Comments on: Make immigration a campaign issue Fri, 31 Jul 2015 03:37:49 +0000 hourly 1 By: mariacuerda Thu, 01 Nov 2012 13:32:10 +0000 Thank you for writing about this. First, I’d like to tell you that your book Endgame was amazing. Thank you for telling that story.

I was a legal services advocate for farmworkers in Massachusetts for 10 years and I have been working with undocumented immigrants in Western MA for 6 years. In 2000, when there was real hope that a comprehensive immigration reform would pass I travelled around the state to almost every farm (about 90) that employed H2A guestworkers to talk to the workers, mostly Jamaican, and many employers. The reform would’ve allowed the Jamaican workers to get work permits and they were very hopeful that they would finally have a choice about where they work and who they work for. Employers were hopeful, too, because the H2A program is expensive.

Expanding the guestworker program is not a solution to the farm labor problem. Workers in that program have no choice who to work for and in many cases the workers are treated badly. Your friend in Maine says the program is bureaucratic but the truth is that there is very little enforcement and government agencies do almost nothing to make sure that abuses don’t occur.
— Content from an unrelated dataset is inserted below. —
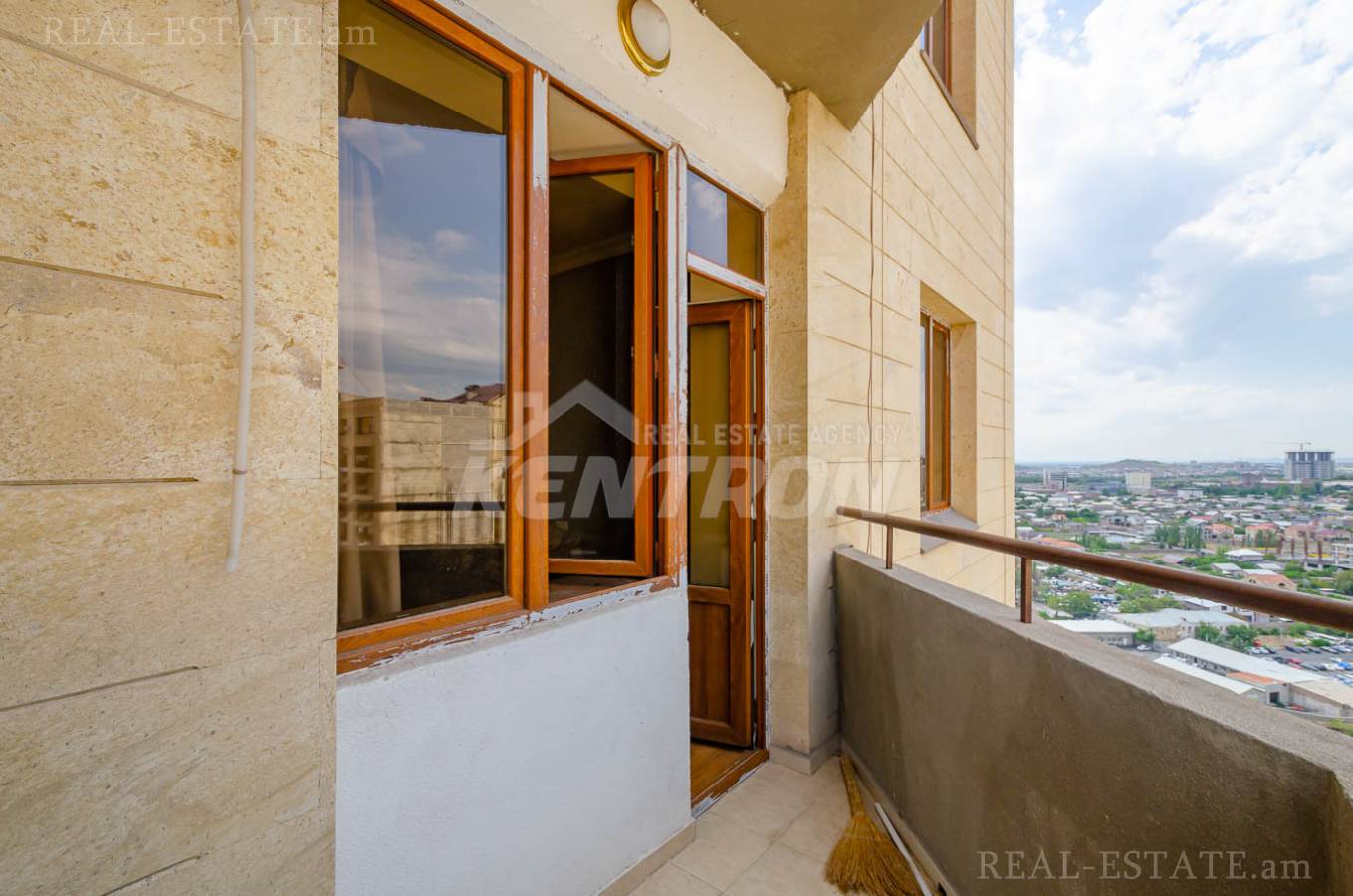 3 bedroom apartment for sale Argishti St, Center Yerevan, 140226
It is a program that allows employers to retaliate against workers who complain by never inviting them back and within the program on the Jamaican side (and Mexican side for most H2A’s) massive retaliation occurs when a worker speaks up in reaction to bad treatment. Expanding that program will only cost employers more and continue the exploitation of workers desperate for work in other countries.

The AgJobs bill that died after 9/11 would have given work permits to all agricultural workers in the H2A program so that employers could hire them without all the red tape and would have allowed workers to choose which employers they worked for. It also would have given work permits to undocumented workers in the country working in agriculture.

I now work with undocumented workers who make up the labor force at Western Mass. and CT tobacco farms, nurseries, landscaping companies and vegetable farms. The employers want these workers because they work hard for very little pay, just like your friend wants his Jamaican workers. These men and women are the backbone of agriculture here and without them these businesses would not survive.

The stories I hear from workers about their conditions and about what they put up with to support their families would turn your stomach. They come from Chiapas and from Guatemala and they are clearly used to suffering. During the months of the year when they have work they often work six or seven days a week at minimum wage and they are happy for the work. In the winter, they clean snow and hope for bad weather. They, and millions of other undocumented workers around the country are here to stay and are willing to work and if they were given work permits your friend would spend less on paperwork and on proving that there are no US workers available (which is not true, by the way, because if the system worked as it should, instead of importing workers from abroad they would import workers from other states where there is a surplus of under-employed agricultural workers).

A massive expansion of the guestworker program only perpetuates the horrible conditions of farmworkers and is not the solution for farmers or for workers. Most employers already employ undocumented workers and rely on them.